“She’s looking very relaxed!”
Martina Navratilova, commentating in a TV booth above Court Philippe Chatrier on Monday, sounded frankly surprised to be uttering these words. It wasn’t hard to understand why: She was talking about Ana Ivanovic.
Ivanovic is a former No. 1 and Grand Slam champion, but “relaxed” is not the first—or second, or fifth—word that comes to mind when you think of her and her career. On court she’s superstitious enough to avoid stepping on lines; off court, she talks a mile a minute, if not more, and gives coaches the heave-ho on a near-monthly basis. Five years ago, her nerves sent her service toss careening off target and her ranking into free fall. She's been picking up the pieces ever since.
Ivanovic once said that if you start thinking about walking down a flight of steps, you’re probably going to trip. I wondered at the time if she was speaking from experience. Even after she stormed back into the Top 5 in 2014, I don’t think anyone believed that, when it came to her confidence, she was completely out of the psychogical woods. At the start of this season, I wrote that one or two bad losses might send her game reeling again. Her first-round defeat at the Australian Open seemed to do just that.
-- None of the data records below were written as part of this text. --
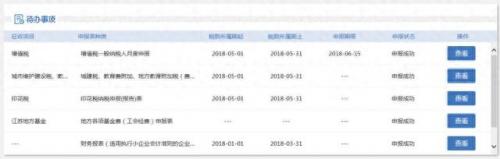 江苏地税网上办税(江苏地税网办税服务厅)插图13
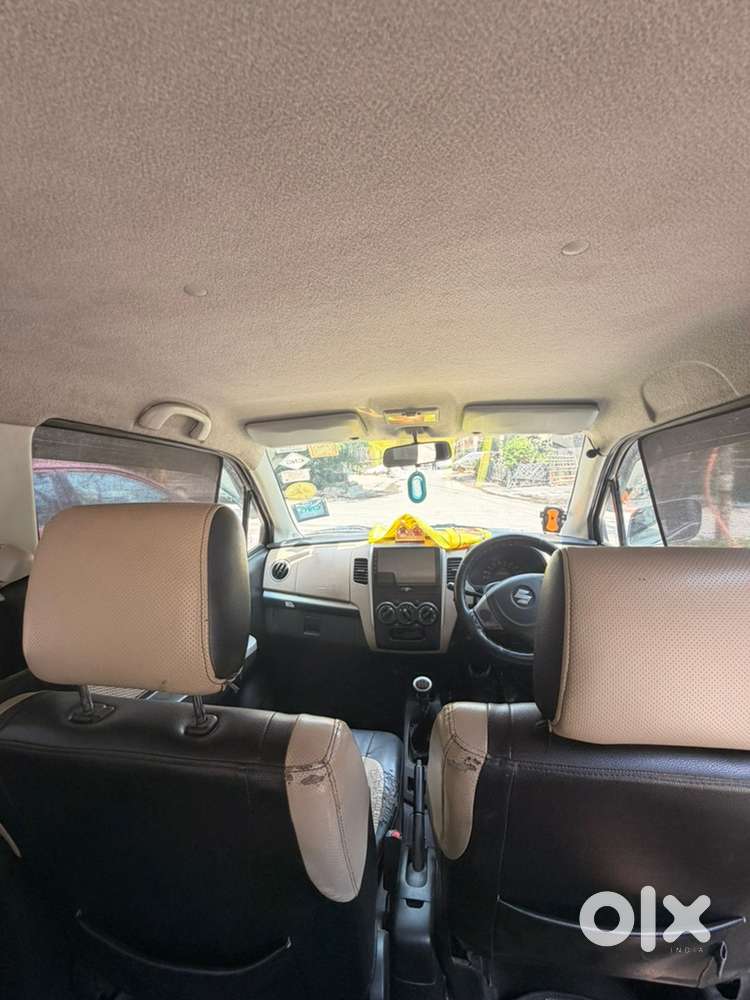 2017 Maruti Suzuki Wagon R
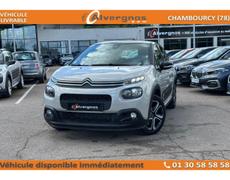 Citroen C3 Chambourcy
To my eyes, Ivanovic didn’t look all that much more relaxed than normal inside Chatrier on Tuesday. Yes, she was well ahead on the scoreboard against Elina Svitolina, a woman she had beaten in all six matches they’d played. Yes, she was hitting well, controlling the rallies with her forehand, and, for the most part, putting her service toss in the right spot. But Ivanovic was still fidgeting in her chair on the sidelines and staring up at her player’s box when she lost a point. With a chance to hold late in the second set, she drilled a sitter overhead long, and on one of her match points, she double faulted.
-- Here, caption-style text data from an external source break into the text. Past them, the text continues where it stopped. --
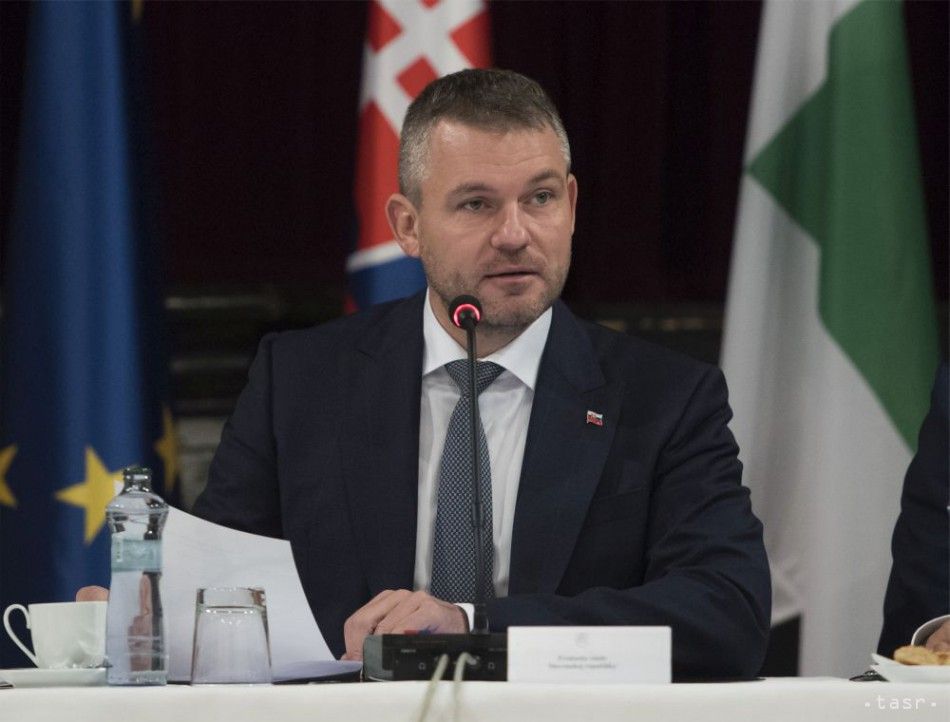 Premier: If Participation in Marrakech Means Support, Slovakia Won't Go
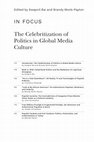 Research paper thumbnail of From Military Prestige to Fragmented Prestige: Jair Bolsonaro and Authoritarian Populism in Brazil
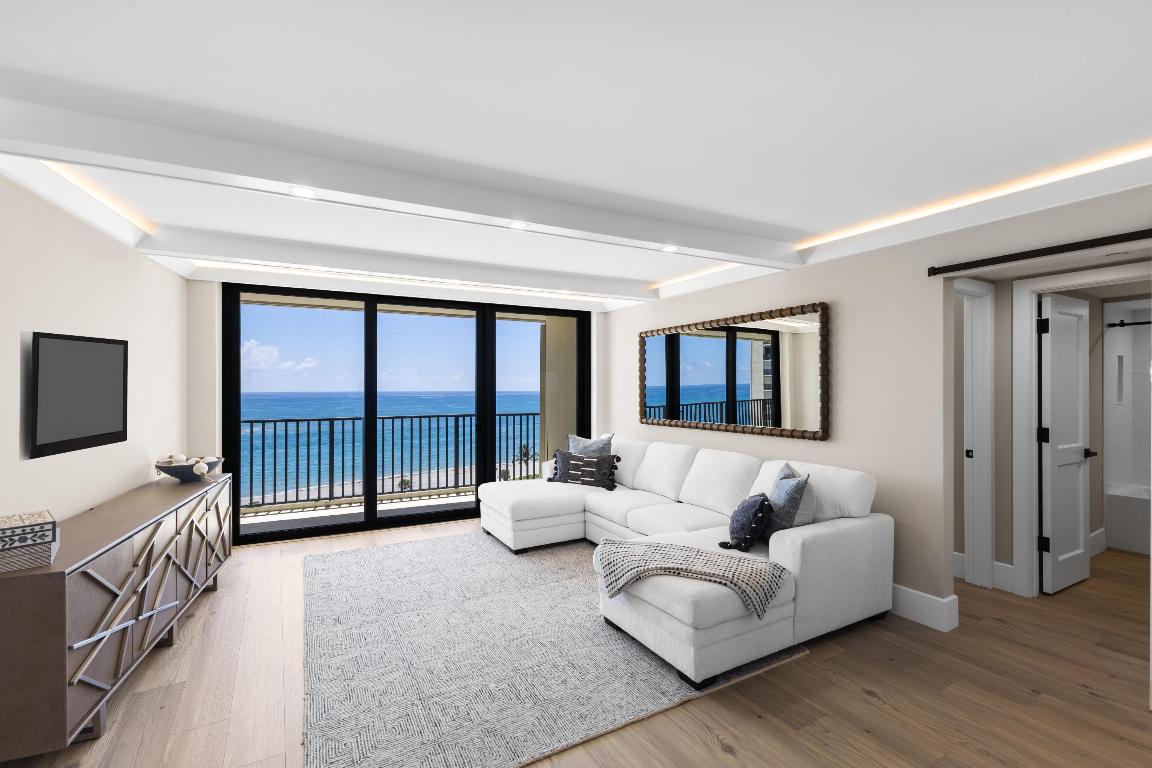 400 Ocean Trl #1008 Jupiter, FL 33477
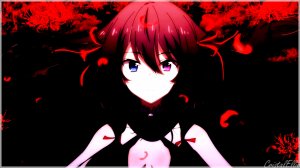 Saijaku Muhai no Bahamut || Lux & Yoruka - Beautiful Now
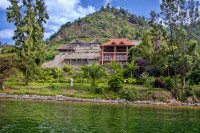 Hakuna Matata Lodge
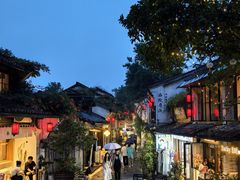 -小河直街历史文化街区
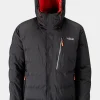Mens Resolution Jacket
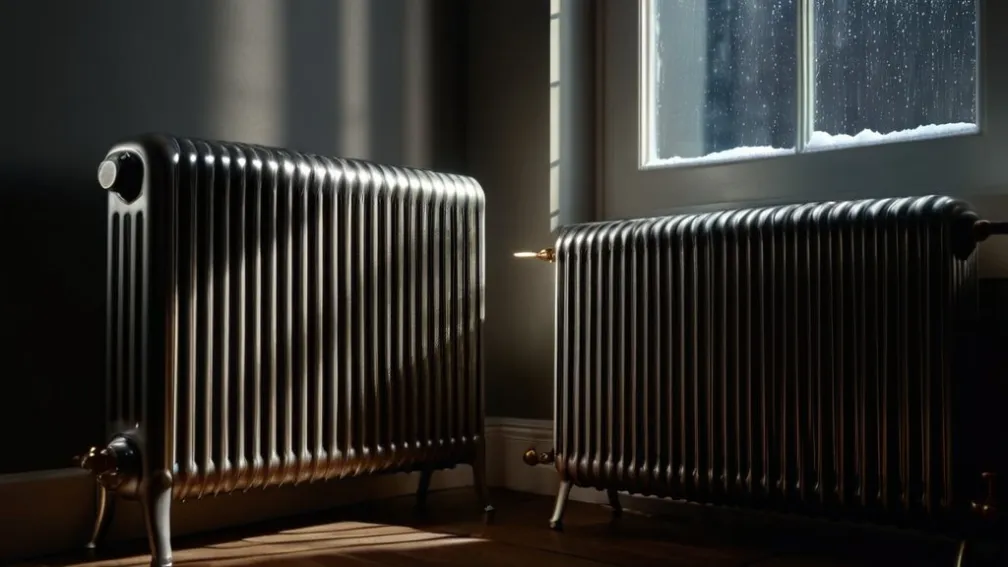 Федеральный шатдаун ставит под угрозу помощь в отоплении для тысяч семей в Мэне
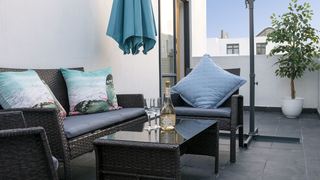 Eden On The Bay | Big Bay Accommodation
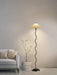 Squiggle Floor Lamp - DWHOME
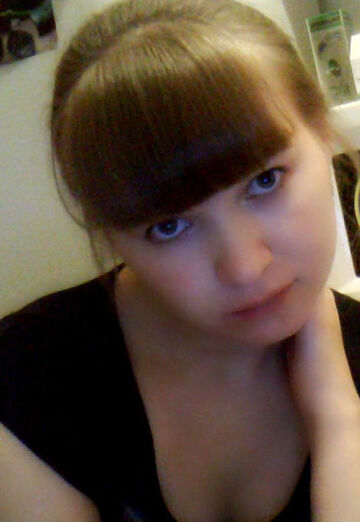 My photo - Anna, 34 from Tobolsk (@anna12226)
Yet Ivanovic, nerves and all, bounced back from that double fault to finish with a confidently struck forehand pass for a 6-3, 6-2 victory, and her first trip to a Grand Slam semifinal since she won this tournament as a wide-eyed 19-year-old in 2008. It wasn’t just this hiatus that has made her run here such a surprise. Ivanovic came to this tournament with even lower expectations than normal in 2015. She arrived with a pedestrian 11-9 record on the season. The previous week, she had lost in the first round in Rome. Earlier in the month she split from her latest coach, and her third in three years, Dejan Petrovic. When she lost the opening set of her first-round match to a quality opponent, Yaroslava Shvedova, it looked like Ana was heading for an early exit in Paris.